• [What is being asked]: Reproduce the entries word for word, and omit any picture you find in them.

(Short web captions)
+ + + +
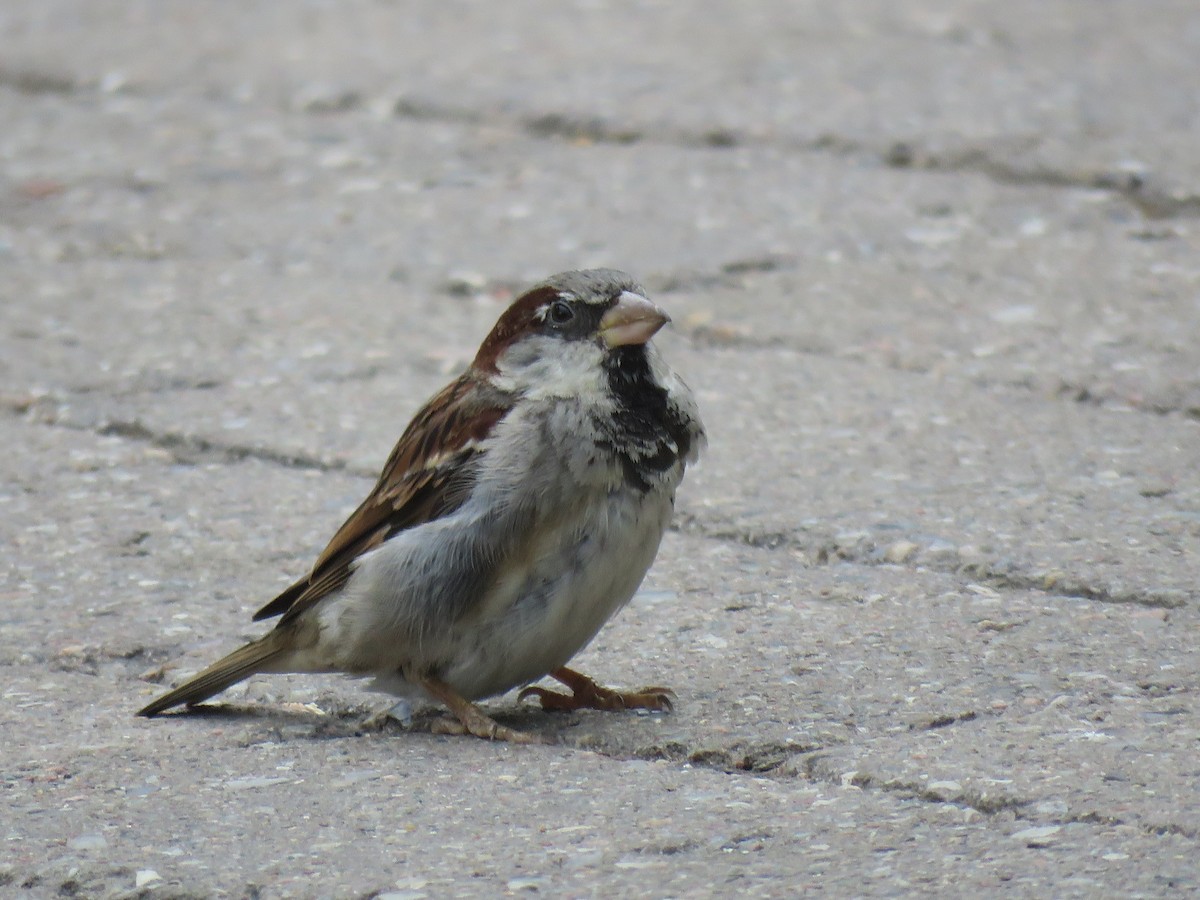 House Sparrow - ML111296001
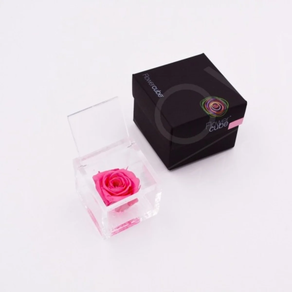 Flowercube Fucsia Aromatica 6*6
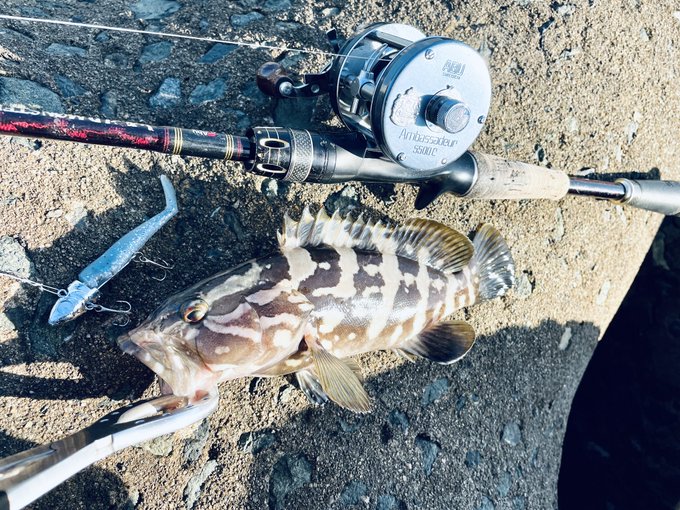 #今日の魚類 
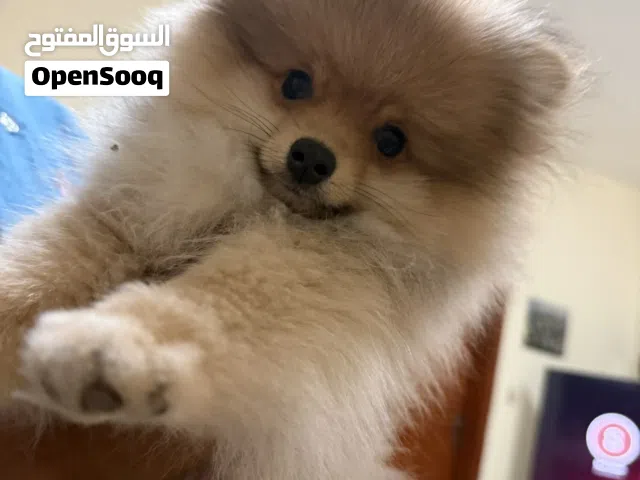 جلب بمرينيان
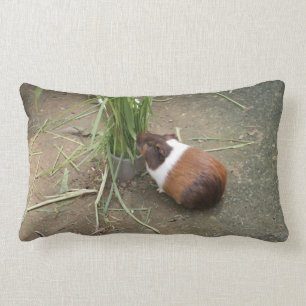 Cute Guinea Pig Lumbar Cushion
+ + + +
• [Task answer]:
 House Sparrow - ML111296001
 Flowercube Fucsia Aromatica 6*6
 #今日の魚類 
 جلب بمرينيان
 Cute Guinea Pig Lumbar Cushion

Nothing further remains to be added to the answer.